Career Trends for Clinical Microbiologist Jobs

Clinical microbiologist careers are very much on the upswing. There are literally thousands of jobs online, and the range of jobs is also expanding. The emphasis is also changing, with some formerly minor roles becoming major emerging areas in employment markets.

Career Options for Clinical Microbiologists

There are a range of sectors in which clinical microbiologists are very much in demand: 

  • Bioinformatics
  • Food technology
  • Research
  • Environmental studies
  • Immunology

This sudden big demand is really catching up with developments in the profession.
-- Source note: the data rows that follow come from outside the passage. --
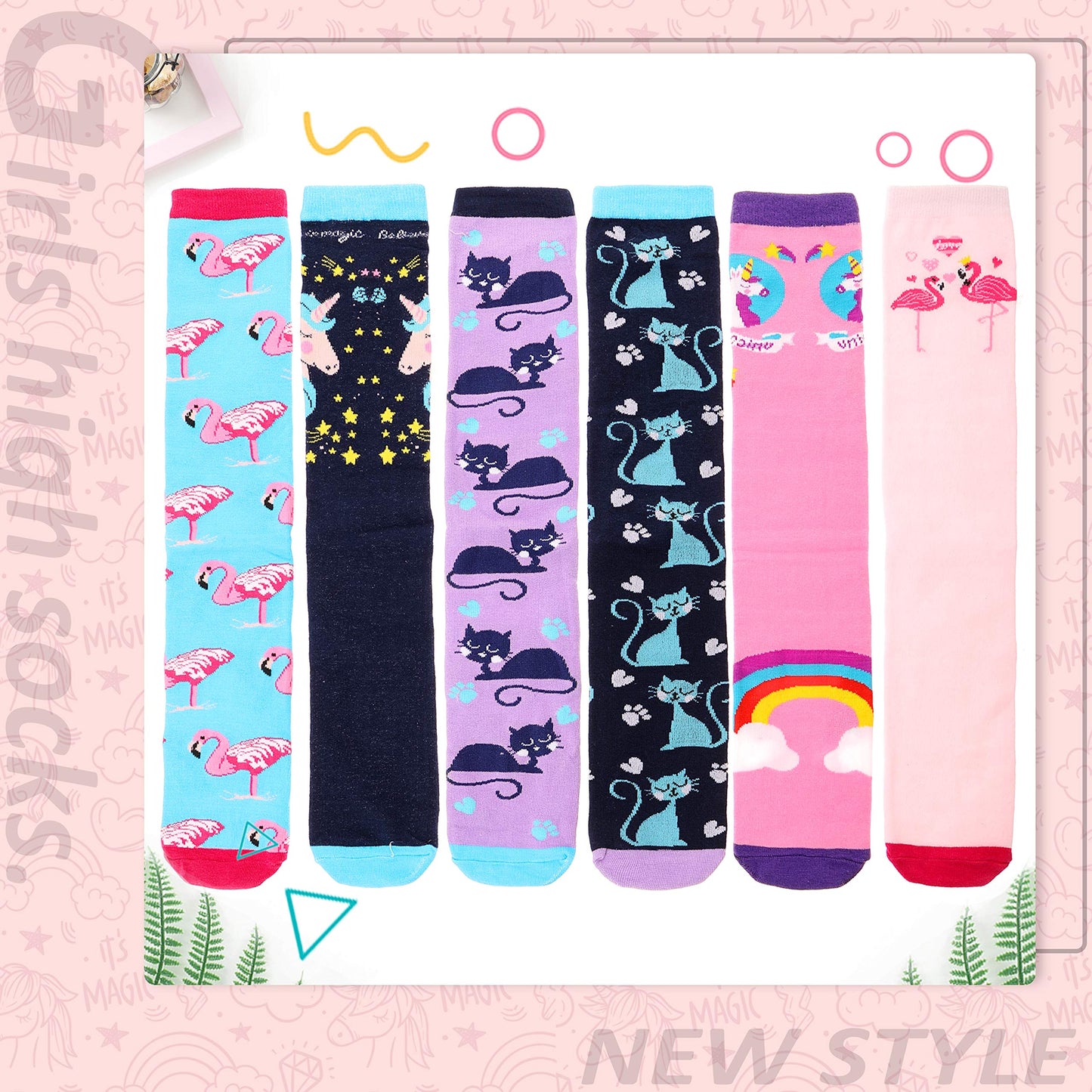 MOGGEI 6 Pairs Kids Girls Knee High Socks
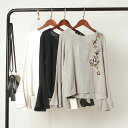 刺繍ベルスリーブブラウス ■ ブラウス シャツ blouse OL オフィス セレブ トップス 通勤 かわいい 大人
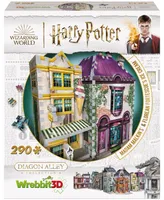 Wrebbit Harry Potter Diagon Alley Collection 4 3D Puzzles Ollivander's Shop, Quidditch Supplies, Madam Malkin's, Weasleys' Wizard Wheezes, 1175 Pieces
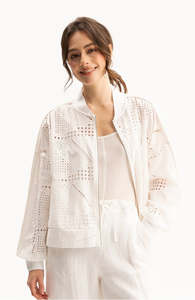 Outerwear: Cora Bomber Jacket - White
In the past, the role of clinical microbiologists was seriously restricted by limited testing capabilities and relatively primitive technologies. Most of the modern testing regimes are comparatively new and can do thousands of tests, whereas the old technology could manage only a handful.

The effect of the new capabilities is driving the massive increase in both jobs and the amount of work being done. These capabilities are also expanding the clinical microbiologist’s career options exponentially. Some fields of study, like virology, epidemiology and immunology, were almost exotic in previous generations. Now they’re big science studies, with big budgets, and are in real need of clinical microbiologists with advanced training.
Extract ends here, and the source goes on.